Records drawn from a dataset
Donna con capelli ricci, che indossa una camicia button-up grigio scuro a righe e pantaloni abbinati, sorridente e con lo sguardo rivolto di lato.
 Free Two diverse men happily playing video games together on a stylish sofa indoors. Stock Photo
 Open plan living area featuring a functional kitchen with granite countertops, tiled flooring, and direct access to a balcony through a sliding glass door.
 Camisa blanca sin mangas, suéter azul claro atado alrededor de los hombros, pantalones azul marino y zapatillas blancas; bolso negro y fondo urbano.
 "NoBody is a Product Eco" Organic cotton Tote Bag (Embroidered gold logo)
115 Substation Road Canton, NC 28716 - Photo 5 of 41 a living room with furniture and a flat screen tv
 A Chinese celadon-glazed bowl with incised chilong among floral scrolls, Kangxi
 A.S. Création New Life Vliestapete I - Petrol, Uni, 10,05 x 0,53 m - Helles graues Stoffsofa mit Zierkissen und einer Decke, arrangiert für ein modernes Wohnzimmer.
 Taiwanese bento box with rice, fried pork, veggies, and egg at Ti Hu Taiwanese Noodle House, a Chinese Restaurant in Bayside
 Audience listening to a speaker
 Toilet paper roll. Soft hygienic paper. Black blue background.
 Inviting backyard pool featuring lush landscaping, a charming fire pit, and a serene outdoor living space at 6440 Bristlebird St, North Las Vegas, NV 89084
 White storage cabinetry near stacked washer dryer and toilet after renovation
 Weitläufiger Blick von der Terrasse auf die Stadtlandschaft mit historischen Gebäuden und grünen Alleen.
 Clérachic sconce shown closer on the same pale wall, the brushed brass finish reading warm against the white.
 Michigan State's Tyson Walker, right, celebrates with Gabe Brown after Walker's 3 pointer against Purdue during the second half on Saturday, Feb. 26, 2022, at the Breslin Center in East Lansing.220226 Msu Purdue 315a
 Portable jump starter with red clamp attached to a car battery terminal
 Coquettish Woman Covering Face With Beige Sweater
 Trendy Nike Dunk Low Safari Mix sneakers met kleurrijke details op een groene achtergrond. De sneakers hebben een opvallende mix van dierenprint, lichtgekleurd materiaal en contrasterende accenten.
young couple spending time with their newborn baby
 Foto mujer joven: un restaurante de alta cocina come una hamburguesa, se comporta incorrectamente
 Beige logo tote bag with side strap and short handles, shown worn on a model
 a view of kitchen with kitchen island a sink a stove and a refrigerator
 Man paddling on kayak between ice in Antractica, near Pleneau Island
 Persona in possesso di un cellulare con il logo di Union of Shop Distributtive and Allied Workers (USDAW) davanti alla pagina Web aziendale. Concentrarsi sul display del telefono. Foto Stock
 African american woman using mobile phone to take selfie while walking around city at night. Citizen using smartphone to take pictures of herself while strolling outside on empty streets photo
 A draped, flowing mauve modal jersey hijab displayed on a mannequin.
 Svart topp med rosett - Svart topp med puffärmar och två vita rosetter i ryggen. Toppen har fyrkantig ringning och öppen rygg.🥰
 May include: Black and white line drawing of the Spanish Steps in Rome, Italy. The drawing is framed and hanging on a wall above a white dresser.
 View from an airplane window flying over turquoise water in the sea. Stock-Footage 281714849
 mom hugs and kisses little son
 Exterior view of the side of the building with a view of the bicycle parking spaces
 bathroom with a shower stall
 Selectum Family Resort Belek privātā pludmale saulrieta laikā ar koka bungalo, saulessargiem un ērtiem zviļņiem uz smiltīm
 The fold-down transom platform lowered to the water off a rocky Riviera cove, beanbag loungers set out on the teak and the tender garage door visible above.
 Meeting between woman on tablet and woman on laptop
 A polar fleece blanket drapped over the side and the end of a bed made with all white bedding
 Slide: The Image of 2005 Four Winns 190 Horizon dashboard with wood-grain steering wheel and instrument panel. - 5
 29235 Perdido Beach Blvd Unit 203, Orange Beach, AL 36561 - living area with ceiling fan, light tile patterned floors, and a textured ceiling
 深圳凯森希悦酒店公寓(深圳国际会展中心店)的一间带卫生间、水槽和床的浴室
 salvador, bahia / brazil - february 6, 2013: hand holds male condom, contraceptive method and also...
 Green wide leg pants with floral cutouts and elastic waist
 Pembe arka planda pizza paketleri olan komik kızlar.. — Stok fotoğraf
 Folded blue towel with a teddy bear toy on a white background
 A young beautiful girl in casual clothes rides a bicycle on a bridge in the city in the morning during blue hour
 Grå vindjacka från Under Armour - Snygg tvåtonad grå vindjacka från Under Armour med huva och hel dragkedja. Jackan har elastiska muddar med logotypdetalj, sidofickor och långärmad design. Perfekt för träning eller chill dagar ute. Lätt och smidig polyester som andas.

* [EXERCISE DIRECTIONS] Could you give again exactly the lines from the line containing "Selectum Family Resort" through the final line of the data above, and no others?

* [ANSWER SECTION]
 Selectum Family Resort Belek privātā pludmale saulrieta laikā ar koka bungalo, saulessargiem un ērtiem zviļņiem uz smiltīm
 The fold-down transom platform lowered to the water off a rocky Riviera cove, beanbag loungers set out on the teak and the tender garage door visible above.
 Meeting between woman on tablet and woman on laptop
 A polar fleece blanket drapped over the side and the end of a bed made with all white bedding
 Slide: The Image of 2005 Four Winns 190 Horizon dashboard with wood-grain steering wheel and instrument panel. - 5
 29235 Perdido Beach Blvd Unit 203, Orange Beach, AL 36561 - living area with ceiling fan, light tile patterned floors, and a textured ceiling
 深圳凯森希悦酒店公寓(深圳国际会展中心店)的一间带卫生间、水槽和床的浴室
 salvador, bahia / brazil - february 6, 2013: hand holds male condom, contraceptive method and also...
 Green wide leg pants with floral cutouts and elastic waist
 Pembe arka planda pizza paketleri olan komik kızlar.. — Stok fotoğraf
 Folded blue towel with a teddy bear toy on a white background
 A young beautiful girl in casual clothes rides a bicycle on a bridge in the city in the morning during blue hour
 Grå vindjacka från Under Armour - Snygg tvåtonad grå vindjacka från Under Armour med huva och hel dragkedja. Jackan har elastiska muddar med logotypdetalj, sidofickor och långärmad design. Perfekt för träning eller chill dagar ute. Lätt och smidig polyester som andas.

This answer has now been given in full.